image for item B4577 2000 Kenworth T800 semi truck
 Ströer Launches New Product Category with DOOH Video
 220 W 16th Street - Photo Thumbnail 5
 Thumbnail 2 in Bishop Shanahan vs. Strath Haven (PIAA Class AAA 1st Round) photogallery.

_TASK PROMPT_
The data must be given again in full, exactly as written.

_RESPONSE TO THIS EXERCISE_
image for item B4577 2000 Kenworth T800 semi truck
 Ströer Launches New Product Category with DOOH Video
 220 W 16th Street - Photo Thumbnail 5
 Thumbnail 2 in Bishop Shanahan vs. Strath Haven (PIAA Class AAA 1st Round) photogallery.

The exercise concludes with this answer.